About this exercise:
Copy exactly the lines of the records below, and only those lines, beginning with the line that contains "Realistic clipboard, plastic" and ending with the line that contains "Ball gown V-Neck".

Data extract:
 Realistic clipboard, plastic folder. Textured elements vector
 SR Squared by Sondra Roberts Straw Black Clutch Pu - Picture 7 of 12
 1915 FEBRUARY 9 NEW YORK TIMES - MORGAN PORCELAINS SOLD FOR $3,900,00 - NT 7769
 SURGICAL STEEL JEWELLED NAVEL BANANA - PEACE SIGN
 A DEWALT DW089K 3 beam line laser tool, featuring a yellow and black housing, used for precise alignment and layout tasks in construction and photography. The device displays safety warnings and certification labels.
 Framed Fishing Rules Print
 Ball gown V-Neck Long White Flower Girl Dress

==

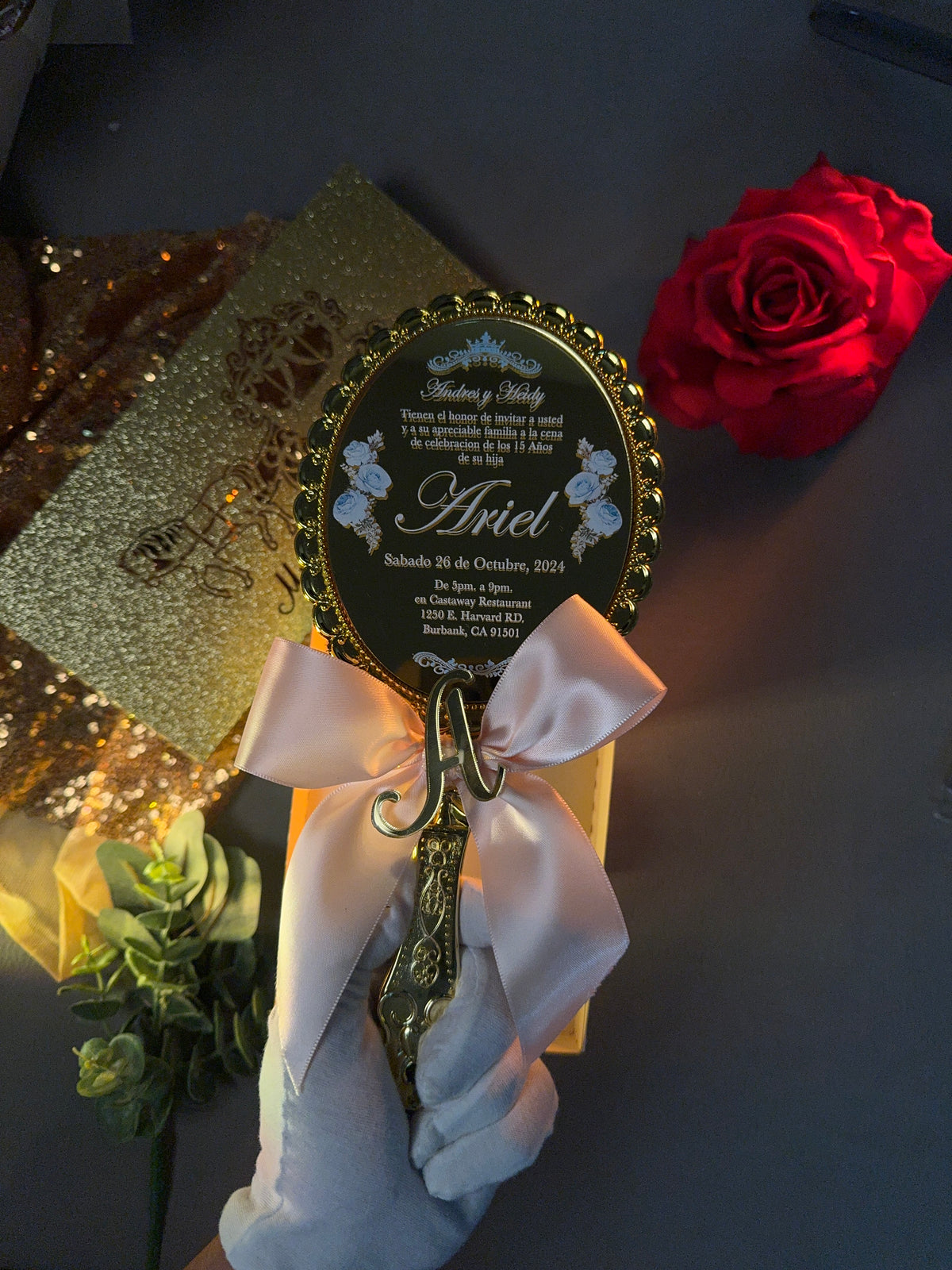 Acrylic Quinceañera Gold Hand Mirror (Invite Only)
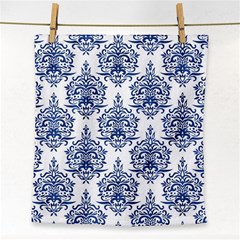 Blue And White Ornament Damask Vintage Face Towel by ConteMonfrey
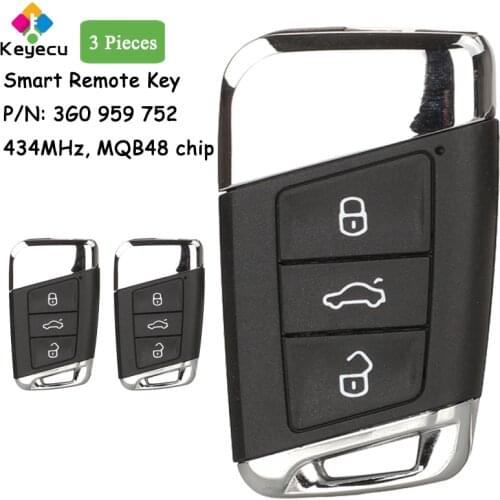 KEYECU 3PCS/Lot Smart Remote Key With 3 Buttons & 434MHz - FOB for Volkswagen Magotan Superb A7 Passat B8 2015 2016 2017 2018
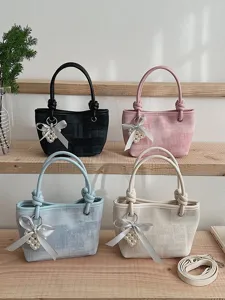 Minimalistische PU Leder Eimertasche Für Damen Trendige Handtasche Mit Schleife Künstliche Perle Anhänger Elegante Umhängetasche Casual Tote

...

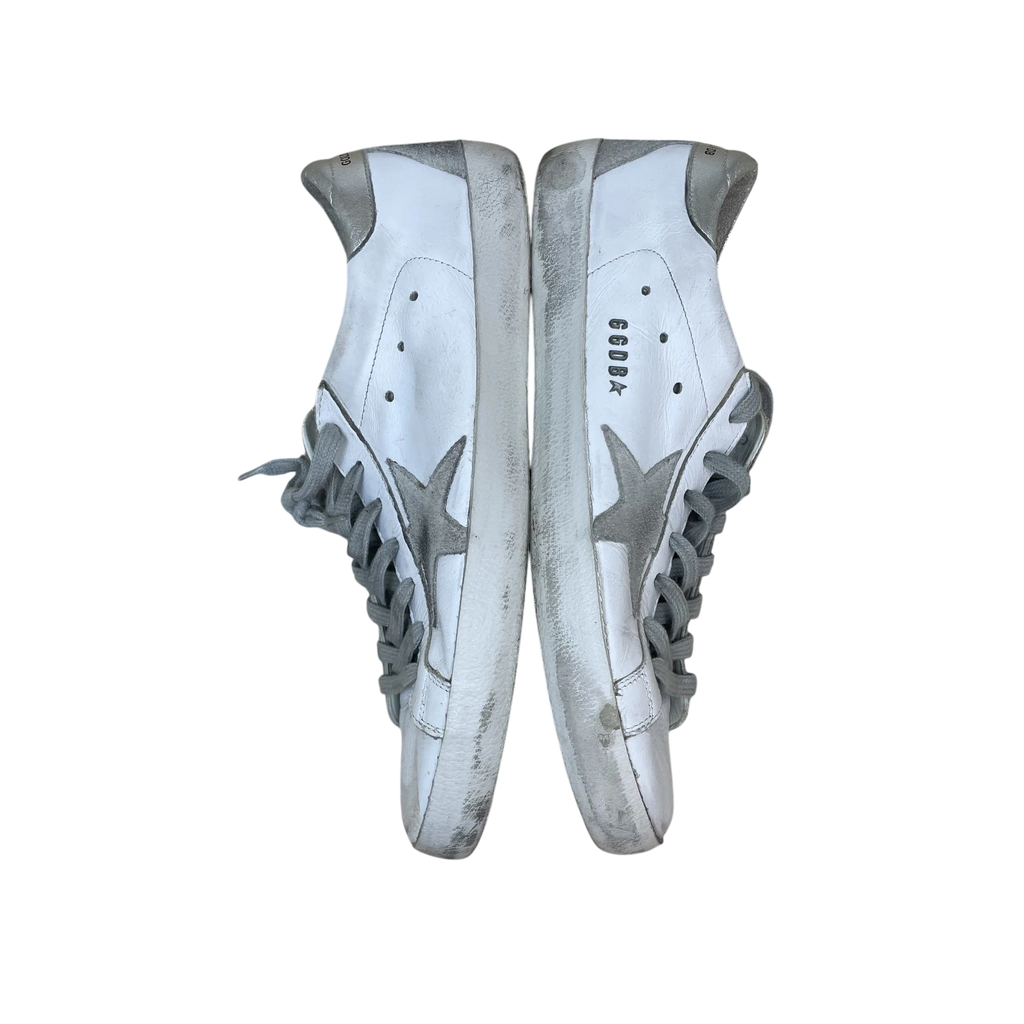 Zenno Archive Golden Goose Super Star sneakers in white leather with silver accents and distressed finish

Solution to this exercise:
 Realistic clipboard, plastic folder. Textured elements vector
 SR Squared by Sondra Roberts Straw Black Clutch Pu - Picture 7 of 12
 1915 FEBRUARY 9 NEW YORK TIMES - MORGAN PORCELAINS SOLD FOR $3,900,00 - NT 7769
 SURGICAL STEEL JEWELLED NAVEL BANANA - PEACE SIGN
 A DEWALT DW089K 3 beam line laser tool, featuring a yellow and black housing, used for precise alignment and layout tasks in construction and photography. The device displays safety warnings and certification labels.
 Framed Fishing Rules Print
 Ball gown V-Neck Long White Flower Girl Dress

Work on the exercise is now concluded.